● **Recorded data**:
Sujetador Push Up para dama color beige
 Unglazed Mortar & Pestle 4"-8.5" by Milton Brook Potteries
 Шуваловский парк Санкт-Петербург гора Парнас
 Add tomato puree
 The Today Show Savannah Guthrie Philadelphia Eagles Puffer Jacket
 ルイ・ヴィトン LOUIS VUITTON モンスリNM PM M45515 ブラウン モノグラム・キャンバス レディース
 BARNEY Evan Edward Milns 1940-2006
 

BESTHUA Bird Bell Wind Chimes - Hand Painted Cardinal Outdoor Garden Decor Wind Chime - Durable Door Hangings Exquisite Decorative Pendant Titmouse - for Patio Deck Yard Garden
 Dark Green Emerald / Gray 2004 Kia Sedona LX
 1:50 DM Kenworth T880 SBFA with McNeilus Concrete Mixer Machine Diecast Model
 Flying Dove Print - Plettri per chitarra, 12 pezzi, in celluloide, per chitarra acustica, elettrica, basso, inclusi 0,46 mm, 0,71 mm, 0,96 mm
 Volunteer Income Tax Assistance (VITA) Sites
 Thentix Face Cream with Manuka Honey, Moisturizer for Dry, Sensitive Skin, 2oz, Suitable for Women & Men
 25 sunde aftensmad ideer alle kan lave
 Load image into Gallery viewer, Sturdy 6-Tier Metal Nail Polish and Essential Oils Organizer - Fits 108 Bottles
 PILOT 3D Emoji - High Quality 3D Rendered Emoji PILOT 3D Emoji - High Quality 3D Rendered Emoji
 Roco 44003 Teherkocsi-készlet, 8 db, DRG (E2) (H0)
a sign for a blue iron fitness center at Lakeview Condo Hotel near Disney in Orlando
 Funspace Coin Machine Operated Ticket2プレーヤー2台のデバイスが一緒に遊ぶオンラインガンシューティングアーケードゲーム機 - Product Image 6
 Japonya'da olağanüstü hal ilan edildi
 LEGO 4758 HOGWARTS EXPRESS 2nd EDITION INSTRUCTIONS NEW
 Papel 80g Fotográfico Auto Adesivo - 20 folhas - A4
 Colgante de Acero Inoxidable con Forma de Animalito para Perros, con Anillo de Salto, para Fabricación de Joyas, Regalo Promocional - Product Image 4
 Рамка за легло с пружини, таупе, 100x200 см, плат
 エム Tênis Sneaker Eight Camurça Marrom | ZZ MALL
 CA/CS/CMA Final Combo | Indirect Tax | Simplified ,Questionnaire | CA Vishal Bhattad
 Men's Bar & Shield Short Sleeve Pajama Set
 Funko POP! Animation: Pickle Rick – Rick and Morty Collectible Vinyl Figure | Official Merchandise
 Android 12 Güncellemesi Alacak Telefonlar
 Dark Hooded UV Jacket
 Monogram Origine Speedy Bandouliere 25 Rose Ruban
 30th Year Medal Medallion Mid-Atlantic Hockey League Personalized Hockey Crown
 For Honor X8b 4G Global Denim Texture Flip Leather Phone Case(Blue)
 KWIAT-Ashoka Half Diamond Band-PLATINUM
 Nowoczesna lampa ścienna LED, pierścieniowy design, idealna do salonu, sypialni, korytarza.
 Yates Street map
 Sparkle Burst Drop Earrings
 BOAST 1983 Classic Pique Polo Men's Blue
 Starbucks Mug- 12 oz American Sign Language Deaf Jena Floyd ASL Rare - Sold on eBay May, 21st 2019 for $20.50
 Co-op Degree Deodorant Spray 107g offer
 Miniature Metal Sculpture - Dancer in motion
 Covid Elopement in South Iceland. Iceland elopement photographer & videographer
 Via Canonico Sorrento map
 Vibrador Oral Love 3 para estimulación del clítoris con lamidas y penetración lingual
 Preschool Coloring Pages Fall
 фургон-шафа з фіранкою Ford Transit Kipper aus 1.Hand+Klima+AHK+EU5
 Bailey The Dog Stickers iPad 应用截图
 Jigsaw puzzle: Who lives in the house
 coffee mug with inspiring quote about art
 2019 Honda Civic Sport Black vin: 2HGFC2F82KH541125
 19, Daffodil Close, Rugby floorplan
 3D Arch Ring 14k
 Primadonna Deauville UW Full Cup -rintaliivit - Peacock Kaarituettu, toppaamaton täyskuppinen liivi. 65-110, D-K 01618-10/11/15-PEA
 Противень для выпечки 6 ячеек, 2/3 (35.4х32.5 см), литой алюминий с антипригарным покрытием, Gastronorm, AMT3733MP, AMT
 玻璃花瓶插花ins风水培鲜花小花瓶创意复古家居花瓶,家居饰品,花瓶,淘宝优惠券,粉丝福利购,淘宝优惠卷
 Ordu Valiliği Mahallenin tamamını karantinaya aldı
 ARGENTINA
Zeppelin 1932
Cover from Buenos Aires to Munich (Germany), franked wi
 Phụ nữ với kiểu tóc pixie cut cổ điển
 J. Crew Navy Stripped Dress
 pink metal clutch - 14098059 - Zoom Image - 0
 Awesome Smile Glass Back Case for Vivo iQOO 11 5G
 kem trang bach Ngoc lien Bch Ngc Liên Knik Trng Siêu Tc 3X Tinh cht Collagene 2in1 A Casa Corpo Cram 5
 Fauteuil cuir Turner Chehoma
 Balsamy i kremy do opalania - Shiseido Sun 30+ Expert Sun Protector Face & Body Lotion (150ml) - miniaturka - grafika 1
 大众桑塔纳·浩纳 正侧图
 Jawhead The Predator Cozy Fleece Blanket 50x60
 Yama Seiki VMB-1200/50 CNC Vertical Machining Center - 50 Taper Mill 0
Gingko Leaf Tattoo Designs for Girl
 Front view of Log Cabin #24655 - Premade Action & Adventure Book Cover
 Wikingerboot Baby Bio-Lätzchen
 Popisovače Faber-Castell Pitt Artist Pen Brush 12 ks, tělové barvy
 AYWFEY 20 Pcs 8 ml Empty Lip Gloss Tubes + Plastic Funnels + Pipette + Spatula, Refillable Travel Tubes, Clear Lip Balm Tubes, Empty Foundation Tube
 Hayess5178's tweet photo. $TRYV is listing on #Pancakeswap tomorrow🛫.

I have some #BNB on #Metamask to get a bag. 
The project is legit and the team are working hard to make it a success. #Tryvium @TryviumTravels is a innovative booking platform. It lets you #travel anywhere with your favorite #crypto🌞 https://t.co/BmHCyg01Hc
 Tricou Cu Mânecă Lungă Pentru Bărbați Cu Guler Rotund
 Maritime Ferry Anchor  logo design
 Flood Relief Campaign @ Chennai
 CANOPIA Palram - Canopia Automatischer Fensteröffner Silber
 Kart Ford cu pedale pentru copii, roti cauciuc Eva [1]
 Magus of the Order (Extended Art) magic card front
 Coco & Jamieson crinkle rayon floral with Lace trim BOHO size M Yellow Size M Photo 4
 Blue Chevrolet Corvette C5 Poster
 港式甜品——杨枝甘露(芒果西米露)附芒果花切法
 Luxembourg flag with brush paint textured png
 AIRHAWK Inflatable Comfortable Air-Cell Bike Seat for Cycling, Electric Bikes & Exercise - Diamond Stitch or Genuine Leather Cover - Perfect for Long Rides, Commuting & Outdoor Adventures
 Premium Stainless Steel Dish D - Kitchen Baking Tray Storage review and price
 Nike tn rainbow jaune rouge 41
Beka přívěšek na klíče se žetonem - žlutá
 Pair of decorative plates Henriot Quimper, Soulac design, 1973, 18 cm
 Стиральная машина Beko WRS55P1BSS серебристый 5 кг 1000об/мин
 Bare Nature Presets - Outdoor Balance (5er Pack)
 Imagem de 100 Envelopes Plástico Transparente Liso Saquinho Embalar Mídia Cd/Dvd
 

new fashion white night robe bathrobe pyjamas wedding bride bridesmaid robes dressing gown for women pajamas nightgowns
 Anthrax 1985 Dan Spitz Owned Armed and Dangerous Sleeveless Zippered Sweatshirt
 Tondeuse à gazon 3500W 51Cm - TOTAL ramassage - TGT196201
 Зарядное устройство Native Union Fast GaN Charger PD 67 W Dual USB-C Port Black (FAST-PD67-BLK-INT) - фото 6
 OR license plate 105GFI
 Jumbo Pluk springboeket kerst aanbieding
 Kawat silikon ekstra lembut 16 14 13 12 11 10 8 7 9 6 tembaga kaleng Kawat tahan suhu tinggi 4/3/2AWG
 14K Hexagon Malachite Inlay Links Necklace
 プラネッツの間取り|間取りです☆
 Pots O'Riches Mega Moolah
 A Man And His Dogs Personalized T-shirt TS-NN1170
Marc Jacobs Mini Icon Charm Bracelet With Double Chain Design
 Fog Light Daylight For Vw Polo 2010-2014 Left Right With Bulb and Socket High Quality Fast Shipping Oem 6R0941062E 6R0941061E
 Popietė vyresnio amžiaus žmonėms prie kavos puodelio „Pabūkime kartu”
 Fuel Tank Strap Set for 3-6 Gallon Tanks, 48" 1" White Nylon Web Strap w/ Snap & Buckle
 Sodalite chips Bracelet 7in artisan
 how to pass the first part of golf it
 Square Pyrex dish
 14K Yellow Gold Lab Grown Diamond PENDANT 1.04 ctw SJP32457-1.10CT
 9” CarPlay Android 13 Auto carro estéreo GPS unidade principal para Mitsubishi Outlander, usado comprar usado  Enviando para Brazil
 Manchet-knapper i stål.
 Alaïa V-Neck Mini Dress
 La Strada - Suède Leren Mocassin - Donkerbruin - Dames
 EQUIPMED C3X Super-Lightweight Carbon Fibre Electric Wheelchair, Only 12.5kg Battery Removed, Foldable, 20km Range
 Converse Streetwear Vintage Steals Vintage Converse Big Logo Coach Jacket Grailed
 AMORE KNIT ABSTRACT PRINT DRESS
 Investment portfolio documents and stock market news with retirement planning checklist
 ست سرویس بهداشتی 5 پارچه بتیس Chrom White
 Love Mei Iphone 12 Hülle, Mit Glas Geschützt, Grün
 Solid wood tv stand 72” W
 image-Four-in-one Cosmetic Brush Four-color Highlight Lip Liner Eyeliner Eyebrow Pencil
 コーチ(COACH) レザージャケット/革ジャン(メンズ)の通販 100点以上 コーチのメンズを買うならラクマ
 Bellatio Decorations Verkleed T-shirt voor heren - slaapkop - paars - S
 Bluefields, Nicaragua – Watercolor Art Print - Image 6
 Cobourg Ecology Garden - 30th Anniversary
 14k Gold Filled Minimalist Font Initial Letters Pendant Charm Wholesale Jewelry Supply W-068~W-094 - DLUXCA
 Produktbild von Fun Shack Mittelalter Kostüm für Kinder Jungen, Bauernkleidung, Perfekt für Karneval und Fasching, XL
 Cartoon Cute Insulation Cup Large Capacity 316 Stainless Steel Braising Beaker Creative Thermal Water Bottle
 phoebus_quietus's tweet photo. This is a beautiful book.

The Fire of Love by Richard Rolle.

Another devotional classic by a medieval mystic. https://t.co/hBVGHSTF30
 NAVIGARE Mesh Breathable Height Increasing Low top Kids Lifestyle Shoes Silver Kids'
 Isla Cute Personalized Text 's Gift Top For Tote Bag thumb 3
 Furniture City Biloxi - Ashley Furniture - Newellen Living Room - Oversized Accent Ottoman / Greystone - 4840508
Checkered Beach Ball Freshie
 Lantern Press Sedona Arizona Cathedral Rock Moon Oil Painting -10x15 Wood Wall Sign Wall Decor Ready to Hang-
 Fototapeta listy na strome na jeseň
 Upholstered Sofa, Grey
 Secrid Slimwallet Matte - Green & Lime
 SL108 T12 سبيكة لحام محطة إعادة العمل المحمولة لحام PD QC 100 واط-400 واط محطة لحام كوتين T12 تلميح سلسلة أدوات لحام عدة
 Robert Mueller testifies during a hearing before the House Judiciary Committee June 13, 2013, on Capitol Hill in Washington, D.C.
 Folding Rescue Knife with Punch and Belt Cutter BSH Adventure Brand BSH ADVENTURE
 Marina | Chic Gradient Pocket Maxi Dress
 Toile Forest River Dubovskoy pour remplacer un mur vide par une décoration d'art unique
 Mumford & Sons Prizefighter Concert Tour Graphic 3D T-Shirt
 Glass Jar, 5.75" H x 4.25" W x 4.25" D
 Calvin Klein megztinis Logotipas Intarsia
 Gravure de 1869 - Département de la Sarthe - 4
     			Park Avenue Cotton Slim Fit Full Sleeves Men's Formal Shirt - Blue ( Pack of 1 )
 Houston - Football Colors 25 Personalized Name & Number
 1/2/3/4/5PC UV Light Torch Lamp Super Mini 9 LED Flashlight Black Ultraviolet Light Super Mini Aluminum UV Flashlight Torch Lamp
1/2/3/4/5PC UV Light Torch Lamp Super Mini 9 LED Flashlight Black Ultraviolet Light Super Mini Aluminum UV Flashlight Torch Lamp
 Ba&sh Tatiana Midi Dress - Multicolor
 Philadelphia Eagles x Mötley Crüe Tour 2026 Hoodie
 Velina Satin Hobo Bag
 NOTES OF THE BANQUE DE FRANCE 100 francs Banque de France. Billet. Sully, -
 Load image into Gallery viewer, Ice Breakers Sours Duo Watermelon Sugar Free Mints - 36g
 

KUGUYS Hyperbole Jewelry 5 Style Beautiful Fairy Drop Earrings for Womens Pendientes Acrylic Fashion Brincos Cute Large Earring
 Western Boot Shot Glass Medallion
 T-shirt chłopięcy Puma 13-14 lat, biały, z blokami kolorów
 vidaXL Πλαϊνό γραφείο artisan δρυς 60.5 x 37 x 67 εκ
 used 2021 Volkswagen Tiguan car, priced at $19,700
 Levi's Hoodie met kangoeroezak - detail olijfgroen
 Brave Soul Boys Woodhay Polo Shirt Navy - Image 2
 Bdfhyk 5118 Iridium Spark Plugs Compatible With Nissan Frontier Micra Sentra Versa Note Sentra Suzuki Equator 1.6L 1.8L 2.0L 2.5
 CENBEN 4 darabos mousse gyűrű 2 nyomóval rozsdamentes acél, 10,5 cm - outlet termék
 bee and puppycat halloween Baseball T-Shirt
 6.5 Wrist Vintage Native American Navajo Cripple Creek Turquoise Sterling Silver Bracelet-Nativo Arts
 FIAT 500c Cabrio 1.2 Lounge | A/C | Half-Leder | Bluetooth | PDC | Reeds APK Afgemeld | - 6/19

● **Exercise description**: Please reproduce, exactly as they appear above, the lines from the line containing "Solid wood tv" up to and including the line containing "phoebus_quietus's tweet photo.".

● **Problem solution**:
 Solid wood tv stand 72” W
 image-Four-in-one Cosmetic Brush Four-color Highlight Lip Liner Eyeliner Eyebrow Pencil
 コーチ(COACH) レザージャケット/革ジャン(メンズ)の通販 100点以上 コーチのメンズを買うならラクマ
 Bellatio Decorations Verkleed T-shirt voor heren - slaapkop - paars - S
 Bluefields, Nicaragua – Watercolor Art Print - Image 6
 Cobourg Ecology Garden - 30th Anniversary
 14k Gold Filled Minimalist Font Initial Letters Pendant Charm Wholesale Jewelry Supply W-068~W-094 - DLUXCA
 Produktbild von Fun Shack Mittelalter Kostüm für Kinder Jungen, Bauernkleidung, Perfekt für Karneval und Fasching, XL
 Cartoon Cute Insulation Cup Large Capacity 316 Stainless Steel Braising Beaker Creative Thermal Water Bottle
 phoebus_quietus's tweet photo. This is a beautiful book.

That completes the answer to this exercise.